Each puck contains a number of electronic circuits with a small computer. In fact there are four computers in each puck.
The tablet controls the system. The tablet is connected to the orange master puck via bluetooth.
The master puck communicates with the yellow slave pucks via an 868 MHz wireless system. This system was chosen to allow for the longest possible range, thus giving the greatest number of possible uses. If the pucks are placed 50 centimetres above the ground, they will have a longer range than if placed at ground level. In a sports hall this means they can be in contact over the length of a badminton court.
We have exploded a puck to show what it contains.
The top half is made of ABS plastic, and is the primary contact for users and can take everyday knocks, including falling from a table to the floor. The top is designed and made in Denmark.
The mainboard includes the pucks largest computer which processes radio communication and controls the pucks other parts. these include an accelerometer, an RFID reader, plus touch, sound and light systems.
The pucks light system includes 12 RGB light diodes. The total of 36 light diodes can be controlled individually from the mainboards computer.
The mainboard also has an RFID card reader that communicates with cards held close to the puck in the same way as with a travel card.
The mainboard contains an ATMEGA1280 known from the large Arduino - boards. This has an Arduino - boot loader, which can be reached by USB via the green connector at the bottom of the puck.
There is a speaker the puck which is one of two response ( output ) systems in the puck.
The 4 magnets ensure that the puck sits securely where there is a metallic surface, and which ensures quick set up and packing up.
The bottom half is the pucks body, and it is free that the electronics er fixed. The top and bottom are secured with four screws. on the back is found the pucks serial number on a label. The colour of the bottom is orange for the master puck, and yellow for the slave pucks
The two brass heads at the bottom are to charge the puck from the charging station.
The two touch boards contain the electronic contact with the touch sensors and the infra red system. The sensors work like the screen on a smart phone. The infra red system supplements the touch sensors and comprises three infra red diodes in the top and an infra red sensor which can register reflections from things near the puck. If one system does not work, the other can be tried.
The infra red detector can register light from for example a laser beam. You can mark a finishing line with a laser beam. Note that there are safety considerations with the use of lasers with which you must be familiar, especially when children are nearby.

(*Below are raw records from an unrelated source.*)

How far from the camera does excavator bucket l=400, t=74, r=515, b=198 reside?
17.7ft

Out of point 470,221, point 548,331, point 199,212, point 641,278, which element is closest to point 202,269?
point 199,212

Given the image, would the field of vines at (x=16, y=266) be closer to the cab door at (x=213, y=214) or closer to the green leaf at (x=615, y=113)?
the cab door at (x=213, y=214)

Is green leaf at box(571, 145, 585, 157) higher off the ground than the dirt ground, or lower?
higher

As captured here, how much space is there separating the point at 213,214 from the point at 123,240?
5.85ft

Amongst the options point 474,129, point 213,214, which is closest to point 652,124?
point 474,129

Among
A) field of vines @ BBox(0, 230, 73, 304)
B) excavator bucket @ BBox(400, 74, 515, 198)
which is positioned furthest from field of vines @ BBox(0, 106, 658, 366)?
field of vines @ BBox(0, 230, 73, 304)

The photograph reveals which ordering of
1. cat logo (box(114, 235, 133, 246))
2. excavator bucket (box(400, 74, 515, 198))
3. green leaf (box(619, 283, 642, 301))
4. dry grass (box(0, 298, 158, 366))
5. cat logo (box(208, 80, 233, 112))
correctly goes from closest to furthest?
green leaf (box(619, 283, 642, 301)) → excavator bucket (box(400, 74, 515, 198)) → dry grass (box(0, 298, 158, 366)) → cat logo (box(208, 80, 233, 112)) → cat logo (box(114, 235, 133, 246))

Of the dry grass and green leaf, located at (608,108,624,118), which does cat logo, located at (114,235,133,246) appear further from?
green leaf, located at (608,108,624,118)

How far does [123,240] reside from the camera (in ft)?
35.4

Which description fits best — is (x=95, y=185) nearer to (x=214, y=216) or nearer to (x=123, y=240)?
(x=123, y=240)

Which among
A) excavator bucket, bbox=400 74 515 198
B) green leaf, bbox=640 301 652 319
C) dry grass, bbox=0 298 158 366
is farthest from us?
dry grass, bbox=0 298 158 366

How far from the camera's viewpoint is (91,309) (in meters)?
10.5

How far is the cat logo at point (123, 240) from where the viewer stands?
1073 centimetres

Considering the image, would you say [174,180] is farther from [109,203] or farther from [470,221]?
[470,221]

The touch board includes an ATMEGA168 known from Arduino -boards.
The Charger Board
The charger contains the electronics that allows for the charging of batteries. The board also features an accelerometer which is able to read how the pucks are standing in relation to specific gravity. This function is used for example, to control the on and off function.
The sound system is also found here and can hold up to three minutes sound clips. New sound clips can be uploaded to the pucks.

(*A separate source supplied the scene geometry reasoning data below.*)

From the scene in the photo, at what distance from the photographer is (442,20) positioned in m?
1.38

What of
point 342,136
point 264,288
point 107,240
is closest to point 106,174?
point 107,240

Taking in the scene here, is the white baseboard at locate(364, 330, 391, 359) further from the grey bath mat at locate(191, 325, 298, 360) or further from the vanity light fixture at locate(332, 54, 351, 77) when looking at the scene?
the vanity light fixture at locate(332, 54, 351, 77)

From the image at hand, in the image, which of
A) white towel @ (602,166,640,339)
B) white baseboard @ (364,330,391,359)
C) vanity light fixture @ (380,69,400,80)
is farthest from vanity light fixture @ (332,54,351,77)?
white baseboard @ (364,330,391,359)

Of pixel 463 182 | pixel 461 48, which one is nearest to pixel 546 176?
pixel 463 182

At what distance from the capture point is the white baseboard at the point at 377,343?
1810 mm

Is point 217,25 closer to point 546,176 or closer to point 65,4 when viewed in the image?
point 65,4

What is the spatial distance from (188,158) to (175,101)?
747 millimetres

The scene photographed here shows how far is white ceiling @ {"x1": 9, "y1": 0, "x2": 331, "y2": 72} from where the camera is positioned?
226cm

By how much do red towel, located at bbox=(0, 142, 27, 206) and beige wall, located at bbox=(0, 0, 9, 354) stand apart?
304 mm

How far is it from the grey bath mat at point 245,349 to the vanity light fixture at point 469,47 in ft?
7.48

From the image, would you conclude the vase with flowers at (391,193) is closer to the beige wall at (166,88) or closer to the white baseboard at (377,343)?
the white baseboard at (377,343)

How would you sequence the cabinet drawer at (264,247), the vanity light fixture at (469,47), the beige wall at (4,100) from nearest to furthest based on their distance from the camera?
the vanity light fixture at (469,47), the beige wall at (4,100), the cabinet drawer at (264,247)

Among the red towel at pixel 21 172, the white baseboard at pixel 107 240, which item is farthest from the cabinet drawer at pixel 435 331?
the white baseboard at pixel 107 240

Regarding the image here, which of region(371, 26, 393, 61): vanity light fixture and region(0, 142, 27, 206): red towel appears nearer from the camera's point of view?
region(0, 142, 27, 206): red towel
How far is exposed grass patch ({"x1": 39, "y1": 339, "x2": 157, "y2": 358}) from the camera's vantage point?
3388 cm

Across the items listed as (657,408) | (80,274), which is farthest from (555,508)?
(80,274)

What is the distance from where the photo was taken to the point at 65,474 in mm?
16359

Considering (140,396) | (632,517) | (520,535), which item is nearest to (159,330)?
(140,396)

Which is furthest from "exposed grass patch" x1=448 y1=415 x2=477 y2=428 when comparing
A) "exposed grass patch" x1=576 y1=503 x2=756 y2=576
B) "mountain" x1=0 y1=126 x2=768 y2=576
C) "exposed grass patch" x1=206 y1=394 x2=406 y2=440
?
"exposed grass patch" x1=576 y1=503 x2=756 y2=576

The Charger Board includes an ATMEGA168 known from Arduino -boards.
The battery supplies power to the electronics. Under normal conditions the battery can last for up til eight hours. A complete charge up for all parts takes about three hours.
The batteries give 3,7 V.
The rubber ring ensures that the puck is watertight in moderate rain. The pucks do not fail if they are outside when it starts to rain.
Please note however that the system is not recommended for outdoors use in rainfall, and that the guarantee does not cover water damage.
The four legged contact at the bottom of the puck is used when the puck is updated or programmed. The four prongs are similar to an USB connector. The pucks can be charged via a USB using a special convertor.